Hmm, after writing twenty-some books, am I losing my joy in the process?
Sure, I look back on my early days of “writing the free and untamed book of my heart” with nostalgia. I miss just going for it without that pesky voice of experience in my head censoring each word, questioning every character motivation, scoffing at an unrealistic plot line or nagging me about passive writing. Trust me folks, those voices crowd into my head, bottlenecking my writing process and frustrating the bejeepers out of me. On top of that there are always deadlines ramping up the pressure to produce, which of course, sends my brain into the blue screen of death.
Oh yeah, it seems like the early, pre-published days were glorious – until I wipe away the nostalgia of writing with more hope and joy than any real skill, and I realize the truth.
I was clueless as shit.
No seriously. I didn’t know what sold. I didn’t understand the appeal of a trope (a tried and true plot line like redemption or falling for best friend’s little sister). I didn’t know how to emotionally hook a reader into my character’s goals to create page-turning tension, or how to use hooks and action to ramp up pacing and keep the reader from putting the book down.
I’m still learning every single day. I love that part of the job, I’m always pushing myself to write a better, more powerful and cleaner story.
But I hate the fear that has come with the knowledge. The more I learn, the better I get, the more critical and frustrated I become with my own writing. I realized this even more as I just did a revision on CAGED MAGIC, plus copy edits and proofreading on EXPOSING THE HEIRESS. I’m never satisfied and I suspect I never will be.
That’s called growing as a writer. Sure, in my beginning days as a writer, the newbie passion burned brighter and sitting down to the computer was more of a joyful experience. But that’s a memory that’s been cleaned and sanitized by time, often conveniently forgetting all the numerous people who didn’t take my career goals seriously and a few who made fun of me. And later, too many dream-crushing rejections to even count. Nostalgia has a way of softening the old pain and letting us recall the good times over the bad.

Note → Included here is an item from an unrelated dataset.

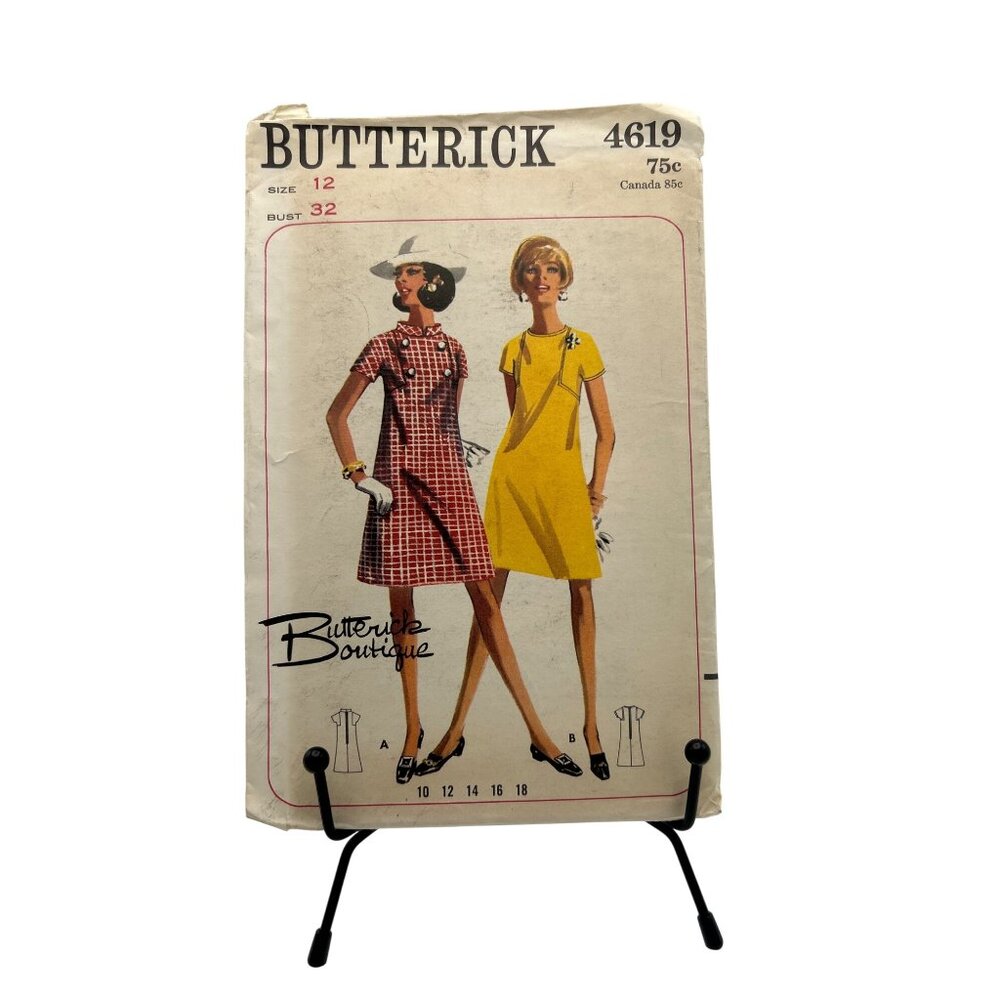 Sewing Pattern Misses Mini Short Dress Size 12 1960s Style Vtg Butterick Casual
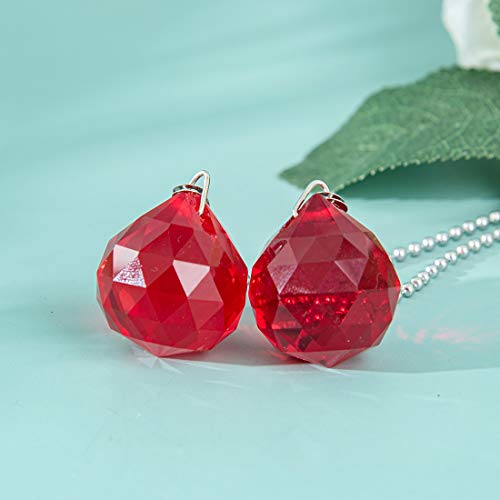 Image of Ceiling Fan Pull Chain, 2pcs 30mm Diameter Prism Ball Extension Chains with Decorative Light Bulb and Fan Cord (Red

These days, getting paid to do a job I love is priceless. A deep and satisfying joy because I had to work my butt off for it with long hours, painful mistakes and pure determination to do it over and over until I got it right. Or at least close to right as I could, because as I said before, I’m never completely satisfied.
In my early days, I had a dream and every time I put my fingers to the keyboard, I was pursuing that dream with joy. That’s a good thing.
But now? I’m living the dream. It’s harder, takes more blood sweat and tears, but the joyful dream has matured into a sense of accomplishment, and a drive to keep doing it. And the pay off? Every time a reader falls in love with one of my books or characters, I experience profound sense of happiness that is significantly more satisfying that the simple joy I felt in those early days.
My joy still lives and burns, it’s just tempered by time, experience and the drive to do my best not to let down my readers who got me here.